You mean one problem isn’t enough?

How the cumulative effects of multiple stressors impact the Muskoka Watershed.

By Neil Hutchinson.

A slide showing how many stressors may act together to cause algae blooms
This slide from Friends of the Muskoka Watershed show an example of cumulative effects — many stressors may act together to cause algal blooms.

Over my fifty-year career as an aquatic scientist, I have witnessed and taken part in significant improvements in how we manage our human influences on the environment.

We have successfully managed phosphorus pollution in the Great Lakes, DDT, ozone depletion, acid rain, over harvesting, (some) invasive species, and the recovery of the Sudbury environment after decades of acid and metal contamination. These successes were achieved by focusing on each problem to the exclusion of others, as one specific concern.

Almost universally, success involved simply “turning off the tap” — addressing the source of the specific problem. These successes, however, have not taught us how to manage more complex problems. Those can occur because a relatively minor stressor is repeated many times or in many nearby places, or because several different stressors occur at the same time and place.

How do we preserve a Muskoka in which acid rain has left our forests weakened by calcium loss, making them more sensitive to the ice and wind storms being generated by a warming climate? We need only look at the impact that the April ice-storm had on our trees.

But our forests have also been reduced as our urban areas have spread, leaving them less able to absorb rainfall, and less able to buffer the increased flow of water in the river system caused by the more intense rain storms. As a result, we get more and faster runoff from storms and snow melt, with more erosion of soils into our rivers and lakes.

Our warming climate has also generated more favourable conditions for algal blooms, while road salt runoff into the calcium-starved waters threatens the health of the zooplankton community, impairing its ability to filter algae out of the water.

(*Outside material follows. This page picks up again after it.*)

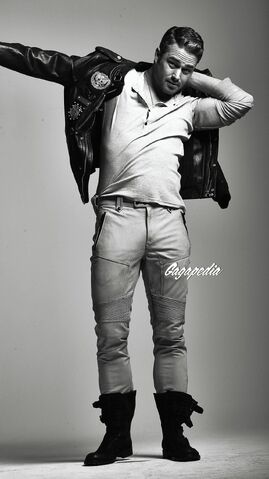 File:Taylor Kinney.jpg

We now see a variety of stressors — each important by itself — but which now act together. Several of these are being made worse as the climate warms. Such new combinations and interactions of stressors produce “cumulative effects.”

Cumulative watershed effects refer to the combined impacts on a watershed resulting from the accumulation of many stressors, both natural and human-induced, over time and space. They may be understood in two ways. The first, as just described, is where multiple stressors, each different, combine to stress a watershed.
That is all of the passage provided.